Im Ergebnis besteht daher keine Möglichkeit den Zufluss des Einkommens am 31.01.2011 bei der Bedarfsermittlung außer Betracht zu lassen, denn der von der Klägerin geltend gemachte "Verlust" des Grundfreibetrages entspricht der grundsätzlichen Systematik des SGB II, dass Aufwendungen (iSd § 11 Abs 2 Satz 1 SGB II aF) nicht bedarfserhöhend (iSe Mehrbedarfes) wirken, sondern nur von damit zeitlich in Zusammenhang stehendem Einkommen abgesetzt werden und daraus folgend anspruchserhöhend wirken können.

Zuletzt bestehen auch gegen das Erstattungsbegehren des Beklagten keine Bedenken, denn mit dem Bescheid vom 03.03.2011 hat der Beklagte die für eine Aufhebung einzuhaltende Jahresfrist gewahrt (§ 48 Abs 4 Satz 1 i.V.m. § 45 Abs 4 Satz 2 SGB X); nach Aufhebung der Leistungsbewilligung hat die Klägerin die in Höhe von 106,40 EUR zu Unrecht gezahlten Leistungen zu erstatten (§ 50 Abs 1 Satz 1 SGB X).

Nach alledem war die Berufung gegen den Gerichtsbescheid des SG zurückzuweisen.

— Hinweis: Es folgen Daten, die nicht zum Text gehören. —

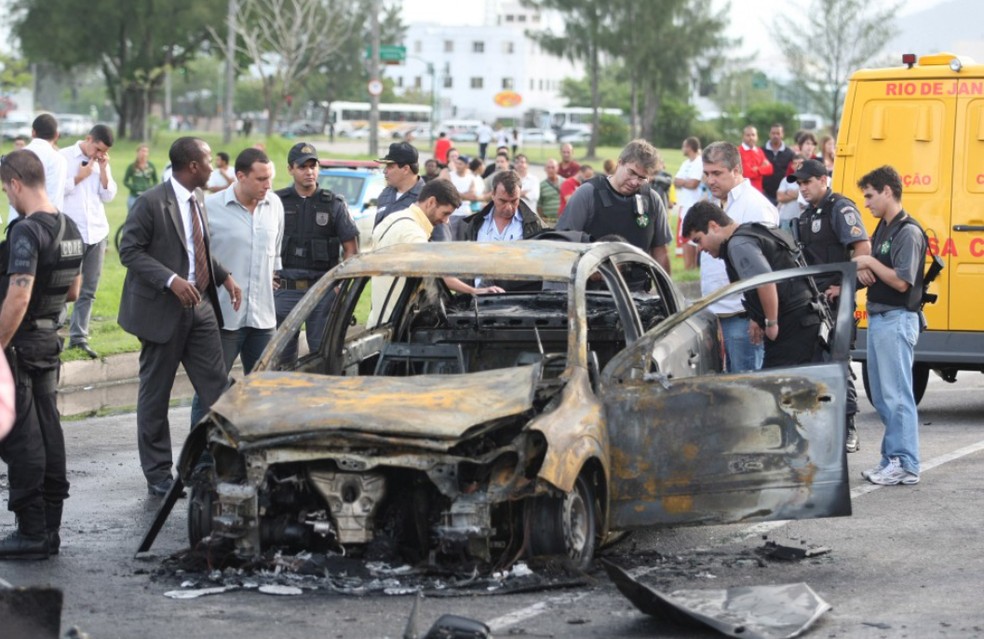 Carro de Rogério Andrade carbonizado após atentado que matou o filho, em 2010 — Foto: Cléber Júnior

Die Kostenentscheidung beruht auf §§ 183, 193 SGG und ergibt sich aus dem Unterliegen der Klägerin.

Die Revision war gemäß § 160 Absatz 2 Nr.1 SGG zuzulassen, denn die Frage der zeitlichen Zuordnung des gemäß § 11 Abs 2 Satz 2 SGB II aF (nunmehr § 11b Abs 2 Satz 2 SGB II idF des Gesetzes vom 13.05.2011, BGBl. I S 850) zu gewährenden Grundfreibetrages ist von grundsätzlicher Bedeutung und bislang nicht höchstrichterlich geklärt.